Témoignage d'une mère

  (Source : BULLES du 1er trimestre 1996 )


Au  cours de ces vingt années d'accueil, nous avons appris que la famille de la personne entrée dans une secte est paralysée par la honte de ce qui lui arrive et qu'elle n'ose pas s'adresser à ceux qui pourraient l'aider.

Quand l'un des nôtres est happé par une secte, nous sentons bien qu'il est en perdition. Il n'est plus le même, son comportement change vis-à-vis de ses proches dont il se coupe brutalement ou peu à peu. Nous voyons bien qu'il se passe quelque chose d'anormal mais nous nous sentons impuissant à arrêter la dérive. Et quand nous nous rendons compte que c'est irrémédiable, qu'il est impossible de le raisonner, que la coupure est faite, un sentiment de honte et de culpabilité nous envahit: " Qu'avons nous fait pour en arriver là ? S'il a cherché ailleurs, c'est que nous avons manqué son éducation ou que nous n'avons pas été présents auprès de lui au moment où il fallait. " Très facilement on rejette la faute sur l'autre parent et l'on peut en arriver à créer une atmosphère irrespirable dans la famille.

Ce sentiment de honte nous empêche de parler de notre problème à notre entourage, à la famille élargie: " Que vont-ils penser ? Quel regard vont-ils poser sur nous ?" On a l'impression qu'ils ne vont rien comprendre. C'est tellement énorme, ce départ brusque d'un membre de la famille, que cela soulève autour de nous une montagne d'incompréhension. Tout ceci nous pousse à nous replier sur nous-mêmes, à souffrir seul et nous nous démolissons intérieurement. Et cependant, la plupart du temps nous n'y sommes pour rien. C'est par un concours de circonstances que ce fils, cette fille, cet époux, cette épouse, ce père ou cette mère a rencontré le groupe dont il ou elle dépend totalement.

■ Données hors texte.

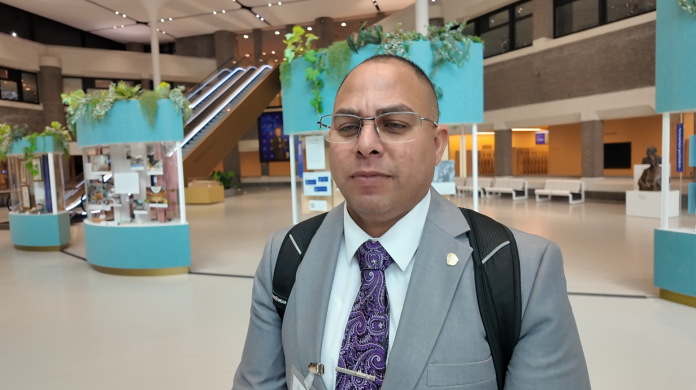 Segun comunicado di Parlamentario Eduard Pieters: “Nos mester sigui hiba e bos di Aruba den e lugarnan, unda ta tuma e decisionnan”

Bien sûr, il n'est pas inutile de chercher les causes de ce départ, non pour nous culpabiliser mais pour préparer l'avenir, pour pouvoir préparer un retour dans un climat accueillant. Il est bon d'analyser les aspirations que nous n'avions pas perçues chez l'être aimé ; peut être de changer notre attitude à son égard pour être tout près de ce " fils prodigue" avec tout l'amour nécessaire.

Ceci nous sera d'autant plus facile que nous aurons pris contact avec une association comme l'ADFI où nous pouvons rencontrer des personnes, qui vivent les mêmes problèmes que nous, qui nous aideront à mieux comprendre ce qui nous arrive. Elles nous aideront aussi à comprendre ce qui se passe dans le groupe en question, ce qu'il peut y avoir de positif dans l'expérience que vit l'être aimé. Elles nous permettront de dédramatiser. Surtout, voir que nous ne sommes pas seuls dans cette épreuve nous aidera à continuer à vivre, à nous enrichir intellectuellement et moralement, à tenir debout dans l'existence et à être capable d'aider les autres à ne pas se laisser prendre.

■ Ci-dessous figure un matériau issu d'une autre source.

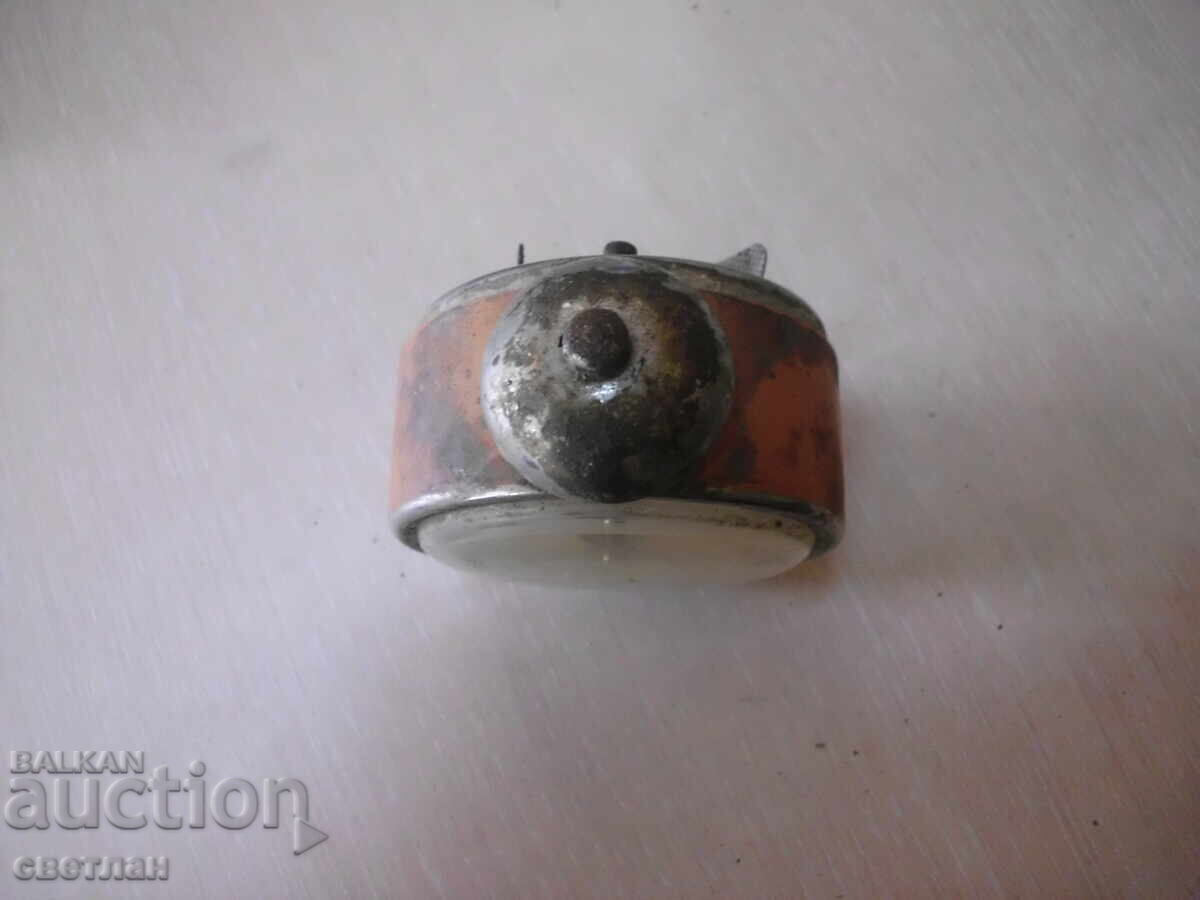 Auction  BZC alarm clock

Souvent, les personnes craignent de s'engager avec d'autres dans une action commune de peur de se couper encore plus de celui qui est dans une secte. L'expérience de parents déjà engagés montre que l'on n'est généralement pas plus coupé que d'autres et que paradoxalement c'est quelquefois le contraire.

En conclusion, je dirai donc aux parents qui nous lisent:  " ne culpabilisez pas, ça ne sert à rien, mais agissez et cela vous aidera à tenir la route."
 
S'engager dans l'action est indispensable, mais il serait téméraire de compter sur ses seules forces.